* Exercise: Below are some records. Output the lines from the first one through the line that holds "7 pièces Ensemble", exactly as written, with no pictures.

* Working data:
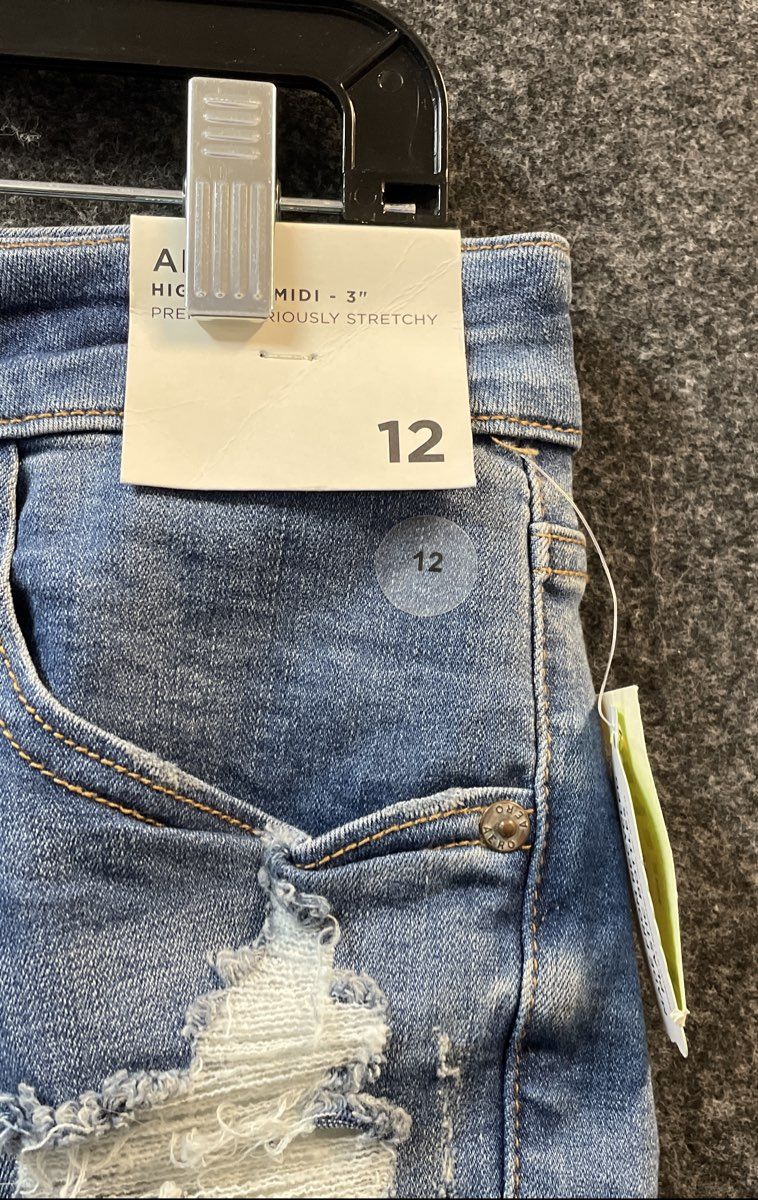 Aeropostale Women's Blue High Rise Midi Denim Shorts Distressed Ripped NWT Sz 12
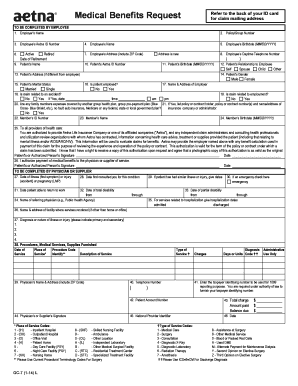 Aetna Medical Benefits Claim Form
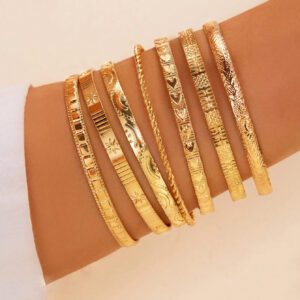 7 pièces Ensemble de bracelets joncs ouverts avec exagération de personnalité, martelé, hexagramme et câble
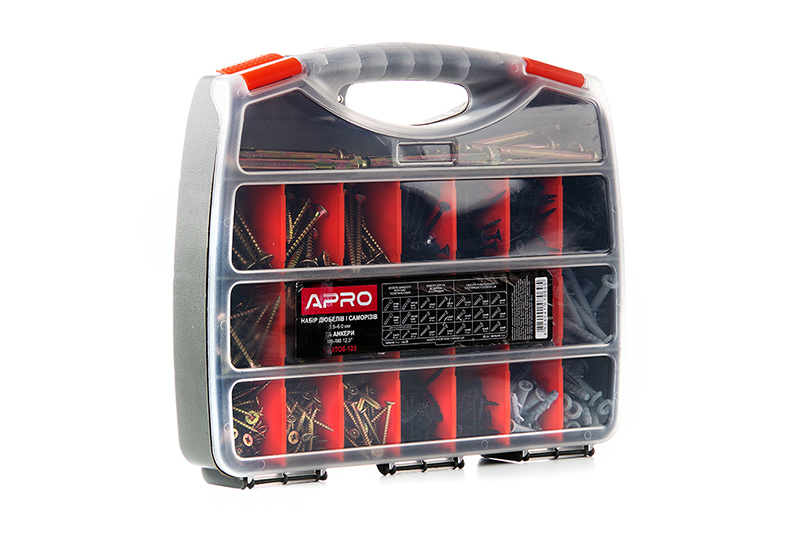 Набор дюбелей и саморезов 3.5–6.0мм и анкеры M6–M8 12,5'' APRO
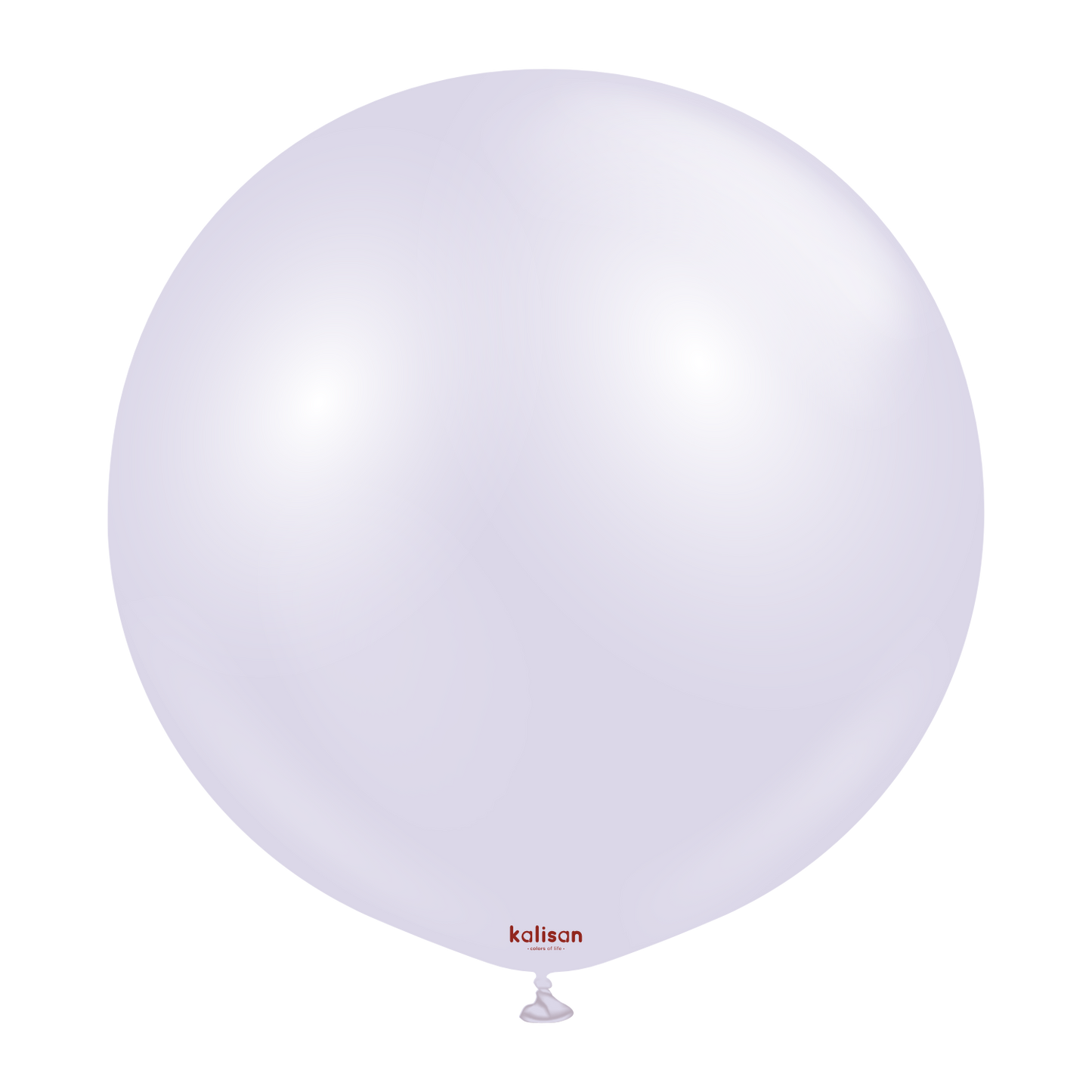Large round lavender balloon with a smooth, glossy surface and small red logo near the neck.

* Answer area:
 Aeropostale Women's Blue High Rise Midi Denim Shorts Distressed Ripped NWT Sz 12
 Aetna Medical Benefits Claim Form
 7 pièces Ensemble de bracelets joncs ouverts avec exagération de personnalité, martelé, hexagramme et câble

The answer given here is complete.